> _Exercise_: Scan the records for the string "printed" and copy every line that holds it.

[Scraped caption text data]
================

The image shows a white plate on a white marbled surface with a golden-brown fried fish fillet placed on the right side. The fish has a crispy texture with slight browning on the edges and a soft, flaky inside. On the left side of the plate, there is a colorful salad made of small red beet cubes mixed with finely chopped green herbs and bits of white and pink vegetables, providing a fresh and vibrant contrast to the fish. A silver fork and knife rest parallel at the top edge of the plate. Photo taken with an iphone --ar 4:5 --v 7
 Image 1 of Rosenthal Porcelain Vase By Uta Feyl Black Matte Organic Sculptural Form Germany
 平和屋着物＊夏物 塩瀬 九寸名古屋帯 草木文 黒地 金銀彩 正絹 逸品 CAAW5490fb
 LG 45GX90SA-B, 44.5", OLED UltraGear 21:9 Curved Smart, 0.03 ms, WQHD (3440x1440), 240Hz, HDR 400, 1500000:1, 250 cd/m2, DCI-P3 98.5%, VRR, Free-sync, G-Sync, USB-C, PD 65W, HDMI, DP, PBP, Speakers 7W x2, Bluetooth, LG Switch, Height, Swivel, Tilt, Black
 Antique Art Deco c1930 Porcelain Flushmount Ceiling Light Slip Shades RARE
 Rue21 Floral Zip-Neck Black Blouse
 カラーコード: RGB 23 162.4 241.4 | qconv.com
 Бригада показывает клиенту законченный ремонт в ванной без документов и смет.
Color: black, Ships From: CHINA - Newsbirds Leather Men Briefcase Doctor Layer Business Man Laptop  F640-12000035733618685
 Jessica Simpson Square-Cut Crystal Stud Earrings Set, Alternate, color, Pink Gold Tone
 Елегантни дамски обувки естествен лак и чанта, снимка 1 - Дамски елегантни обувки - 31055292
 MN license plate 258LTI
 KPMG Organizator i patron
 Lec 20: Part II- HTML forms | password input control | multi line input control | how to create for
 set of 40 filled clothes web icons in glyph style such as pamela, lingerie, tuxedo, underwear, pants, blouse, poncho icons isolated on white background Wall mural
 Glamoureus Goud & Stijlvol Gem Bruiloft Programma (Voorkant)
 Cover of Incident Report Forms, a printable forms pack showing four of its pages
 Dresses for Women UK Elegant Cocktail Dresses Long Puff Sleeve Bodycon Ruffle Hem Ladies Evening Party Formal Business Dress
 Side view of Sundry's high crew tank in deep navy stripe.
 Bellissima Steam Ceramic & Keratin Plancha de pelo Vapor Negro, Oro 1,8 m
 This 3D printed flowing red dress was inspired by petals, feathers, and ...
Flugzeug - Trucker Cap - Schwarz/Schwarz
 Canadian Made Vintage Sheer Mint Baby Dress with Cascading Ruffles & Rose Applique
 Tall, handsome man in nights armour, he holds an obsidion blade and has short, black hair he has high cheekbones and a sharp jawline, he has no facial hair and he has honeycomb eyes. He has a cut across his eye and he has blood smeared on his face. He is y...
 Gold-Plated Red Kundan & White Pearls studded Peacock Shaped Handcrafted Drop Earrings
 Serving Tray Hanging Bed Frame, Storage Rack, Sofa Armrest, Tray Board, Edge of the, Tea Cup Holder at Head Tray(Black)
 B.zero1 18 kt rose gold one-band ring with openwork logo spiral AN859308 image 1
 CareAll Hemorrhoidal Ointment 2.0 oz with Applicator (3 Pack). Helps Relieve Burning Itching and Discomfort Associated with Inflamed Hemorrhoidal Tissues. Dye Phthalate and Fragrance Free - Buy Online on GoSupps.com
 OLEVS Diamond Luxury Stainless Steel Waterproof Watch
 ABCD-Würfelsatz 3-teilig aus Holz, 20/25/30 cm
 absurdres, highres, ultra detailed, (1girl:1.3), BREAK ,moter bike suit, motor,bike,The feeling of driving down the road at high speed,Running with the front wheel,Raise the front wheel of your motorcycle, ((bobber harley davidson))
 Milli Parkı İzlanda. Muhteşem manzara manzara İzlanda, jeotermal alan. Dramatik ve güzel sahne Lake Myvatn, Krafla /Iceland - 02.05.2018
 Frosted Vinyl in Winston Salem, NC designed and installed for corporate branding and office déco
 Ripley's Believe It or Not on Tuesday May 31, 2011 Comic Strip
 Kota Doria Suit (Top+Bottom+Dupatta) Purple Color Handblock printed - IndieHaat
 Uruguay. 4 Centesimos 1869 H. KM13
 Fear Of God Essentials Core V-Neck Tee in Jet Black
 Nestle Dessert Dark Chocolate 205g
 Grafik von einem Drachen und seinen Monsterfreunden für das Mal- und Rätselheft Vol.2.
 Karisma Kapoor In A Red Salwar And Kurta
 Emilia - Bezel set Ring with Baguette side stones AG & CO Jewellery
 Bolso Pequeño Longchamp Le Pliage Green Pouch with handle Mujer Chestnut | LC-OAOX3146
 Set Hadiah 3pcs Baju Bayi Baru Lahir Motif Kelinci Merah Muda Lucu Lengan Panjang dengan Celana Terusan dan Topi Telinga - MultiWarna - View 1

================

> _Output for this task_:
 This 3D printed flowing red dress was inspired by petals, feathers, and ...
 Kota Doria Suit (Top+Bottom+Dupatta) Purple Color Handblock printed - IndieHaat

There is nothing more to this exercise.